L’illustrissime moine-philosophe médiatisé sort un papier de sa poche et entre en méditation comme s’il avait oublié quelque chose sur la liste des courses, puis lève les bras : « Le plus lourd que l’air ne peut pas voler ! Bush n’a jamais existé ! Rumsfeld est amoureux de Blair ! Ils sont malades dans leur tête ! La réalité n’est qu’une dérive aléatoire de la fiction ! Le mensonge est une invention du grand Satan ! Les choses ne sont pas ce qu’elles sont, elles sont ce que je dis qu’elles sont... N’ayez pas peur… La situation est sous contrôle… La victoire est proche… La victoire est en nous ! Le zéro absolu est accessible ! Regardez moi ! Nos dieux préparent une attaque non conventionnelle ! Les dieux américains vont se rendre à nos dieux ! Dieux bâtards ! Ils ont commencé à se suicider sous les murs de Bagdad ! Ils continuent toujours ! Ils ne sont nulle part ! Leurs estomacs rôtiront en enfer ! Ils sont stupides, et ils sont condamnés ! Franks au Qatar ! La victoire ! Le serpent ! Will surrender !» La foule au bord du gouffre reprend d’une seule voix prodigieuse « American gods ! American gods will surrender ! » Les évanouissements se multiplient, on réclame des volontaires.
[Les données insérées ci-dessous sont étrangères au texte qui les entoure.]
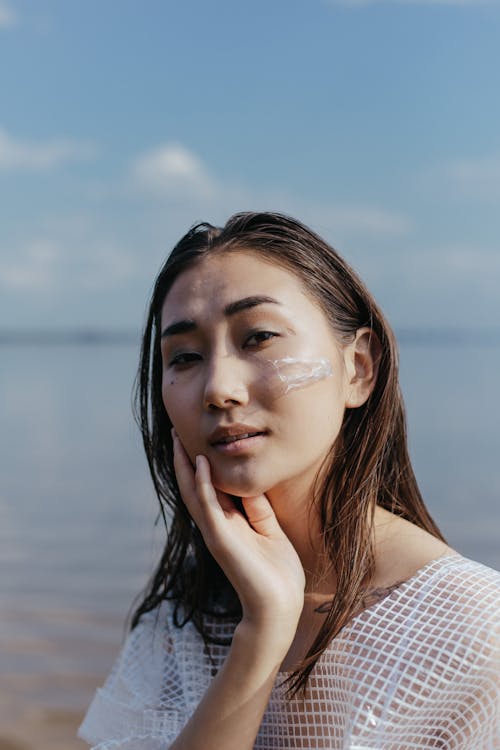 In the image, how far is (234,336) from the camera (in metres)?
2.81

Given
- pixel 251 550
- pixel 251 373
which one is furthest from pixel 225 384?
pixel 251 550

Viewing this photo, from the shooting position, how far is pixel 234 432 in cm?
276

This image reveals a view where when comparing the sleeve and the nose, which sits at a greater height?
the nose

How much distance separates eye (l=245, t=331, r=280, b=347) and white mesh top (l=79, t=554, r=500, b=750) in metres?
0.79

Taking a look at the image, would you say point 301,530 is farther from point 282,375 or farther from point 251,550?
point 282,375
Des centaines d’avatars d’anges quantiques auréolés jaillissent du vide nocturne pour se lancer dans une sarabande hallucinante au-dessus des gradins. On libère symboliquement des otages, on fait donner les feux d’artifice, en hommage à la frénésie de la DCA… « La nuit n’est pas noire ! Elle est verte ! Je l’ai rêvée ! », paraphrase le grand maître du non-ascétisme en tombant à genoux parmi les étincelles, « Le feu ne brûle pas ! Simulacra ! Les images ne donnent rien à voir. Ce qu’on vous donne à voir n’est qu’un effet d’optique pervers, un gruau de pixels, les mots que je prononce, eux seuls, sont une image de la réalité ! » « A Tikrit ! A Tikrit !» Entonne le public au comble de la transe « Babylone ! Babylone ! » L’écran géant qui célèbre le visage du prophète vertigineux bascule tout à coup sur CNN LIVE, déclenchant la vindicte populaire et les imprécations. « Voyez ! » Hurlent les baffles, « Les pixels mordorés de CNN ont empoisonné vos esprits ! Ils ont contaminé vos yeux ! Je vous offre mes yeux ! Je vous offre ma voix ! » Ayant lavé ses mains au savon de Marseille, qui sponsorise, puis béni la rituelle tarte tatin et recueilli les dons livrés par les quêteurs, le messager des dieux à venir descend au parterre sous les huées puantes et se dirige vers moi.
Pourquoi moi ?
Sous les acclamations, revenant par trois fois, bras tendus, bedaine triomphante, il me cramponne la carotide et me fait monter sur la scène, porté par une version funky de : « Toi, ô tigre de l’Euphrate ! » reprise en chœur par les convertis.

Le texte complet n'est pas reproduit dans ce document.